On Thursday, July 17th at noon join Panhandle PBS and Amarillo College's Common Reader Program for a 25-minute segment of the American Experience documentary, Freedom Summer, along with an opportunity for attendees to share their own thoughts and stories on the 2014-15 AC Common Reader topic of moral courage. Panhandle PBS studios at 2408 S. Jackson on AC Washington Street Campus. Bring your own lunch; lemonade will be provided.

Freedom became goal in summer of '64

by John Kanelis

"Freedom Summer" tells the story of brave young Americans who ventured into deeply segregated Mississippi to demand change. They sought to pressure state and local authorities to end policies that discriminated against black Americans.


Did they effect immediate change? Hardly. Instead, they bought themselves a lot of pain, they shed a lot of blood -- and some of them gave their lives.

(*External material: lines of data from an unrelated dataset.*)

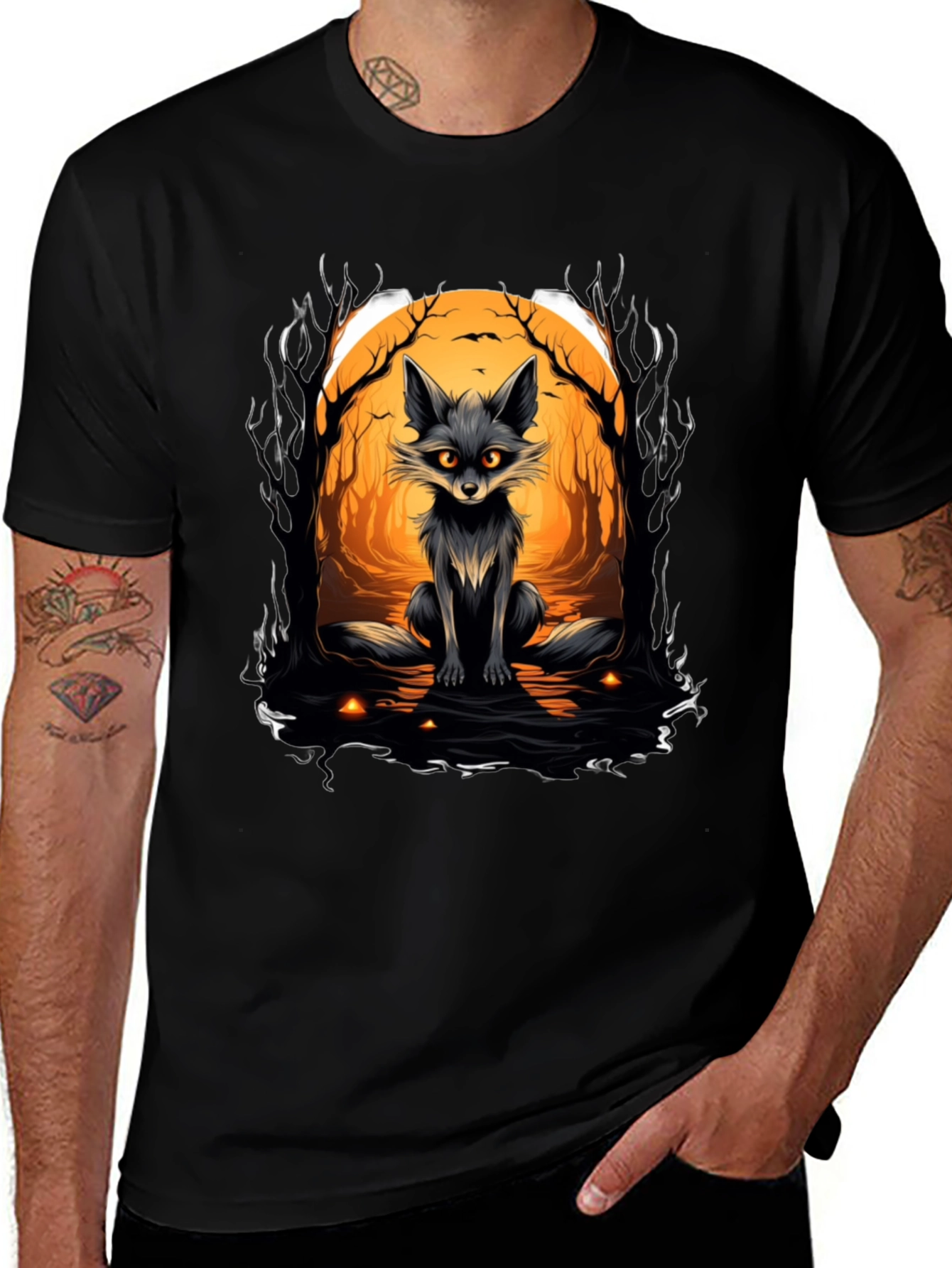Camiseta Negra con Zorro Halloween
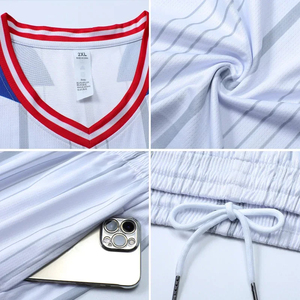 Maillot de basket-ball en polyester 100% personnalisé maille à séchage rapide respirant entraînement sportif uniforme de basket-ball grande taille pour hommes - Product Image 3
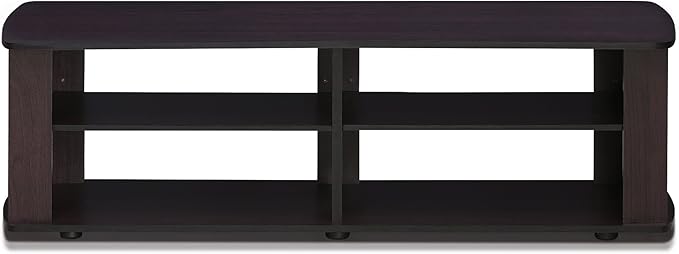 Furinno Nelly Entertainment Center TV Stand, Short 43.3" x13.4 x13.1, Dark - Image 5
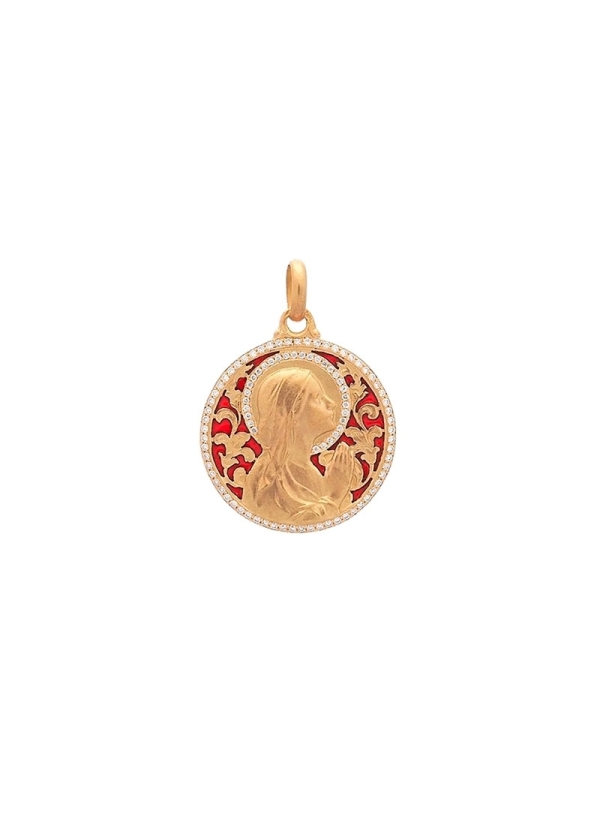Medalla de oro amarillo de 18Kt, imagen de la Virgen Niña rezando de 22mm de diámetro esmalte rojo y 94 pequeños brillantes enga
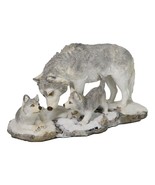 Denizens Of Twilight Large Winter Snow Wolf Mother And Pups Family Statu... - $56.16 CAD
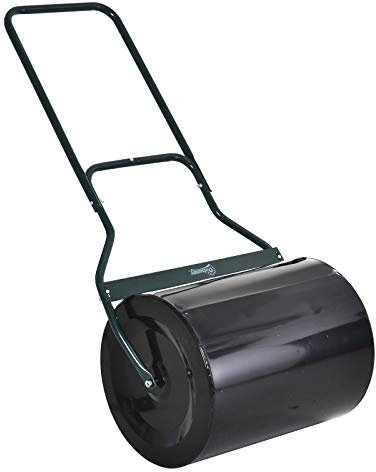 Outsunny Rasenwalze mit U-Griff, Gartenwalze, Gartenrolle, 40 cm Durchmesser, 60 L Wasser-/Sandfüllung, Metall, Schwarz 57 x 40 x 123 cm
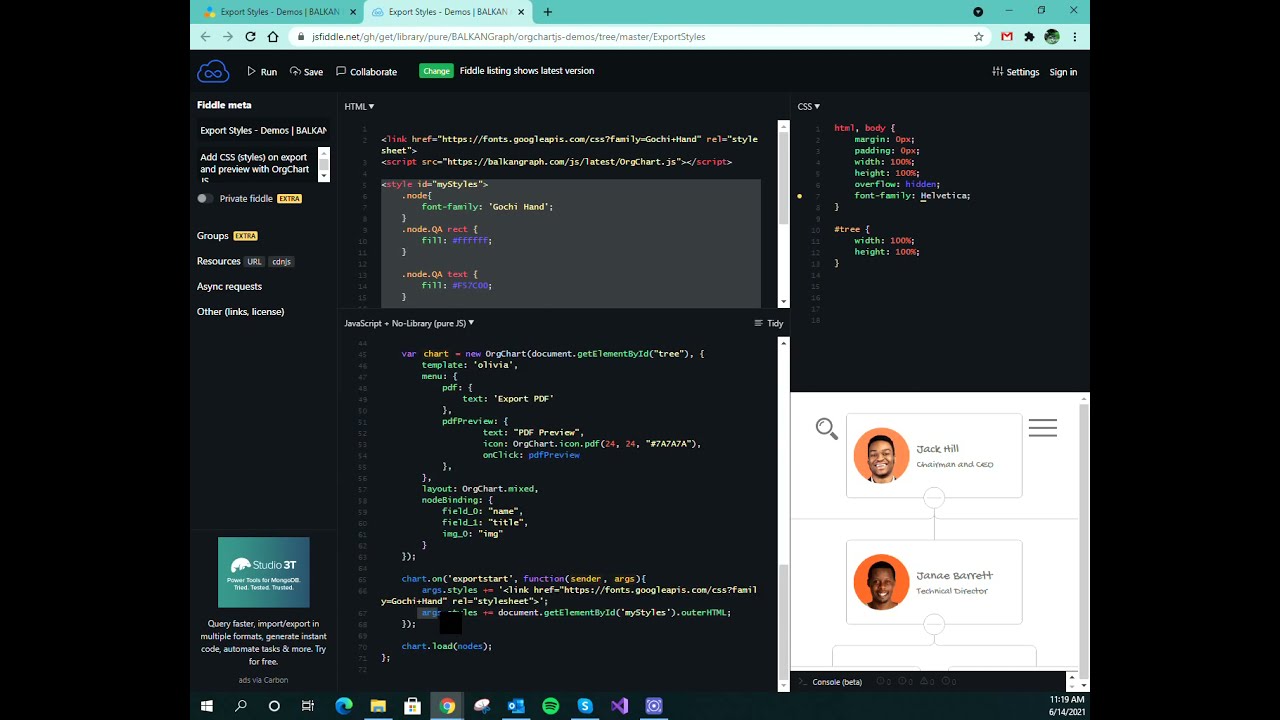 BALKAN OrgChart JS - How to export styles?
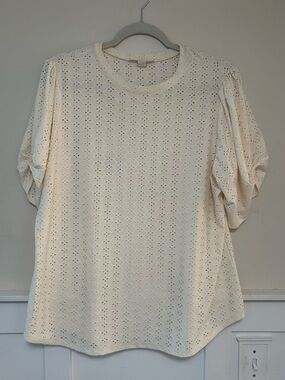 cooper & ella Cream Eyelet Short Puff-Sleeve Top/Blouse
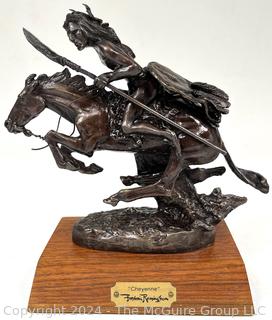 Frederic Remington Solid Bronze Statue Titled "Cheyenne". 7"H x 6"L x 3"W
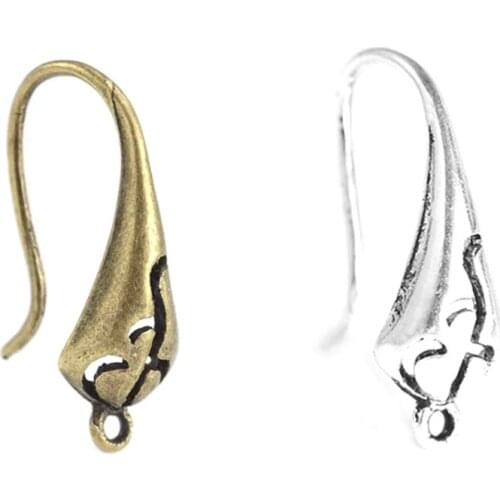 10pcs DIY Jewelry Findings Components Antique Silver Bronze Color Blank Eearring Settings Base Pattern Earrings Hooks Findings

Three young men particularly became the synonymous with the struggle that ensued. Their names are James Chaney, Andrew Goodman and Michael Schwerner. Mention the names "Chaney, Goodman and Schwerner" today to anyone in Dixie old enough to remember the turbulent summer of '64 and you'll get knowing nods of approval or, sadly, disgust at what the men tried to accomplish during that "Freedom Summer."

They were kidnapped and killed by Ku Klux Klansmen. It would take decades to bring their killers to justice, but they eventually were tried and convicted.

American Experience tells the compelling story of brave young Americans who ventured where they weren't welcome, but who eventually could declare victory with the enactment of civil rights laws that changed the face of nation.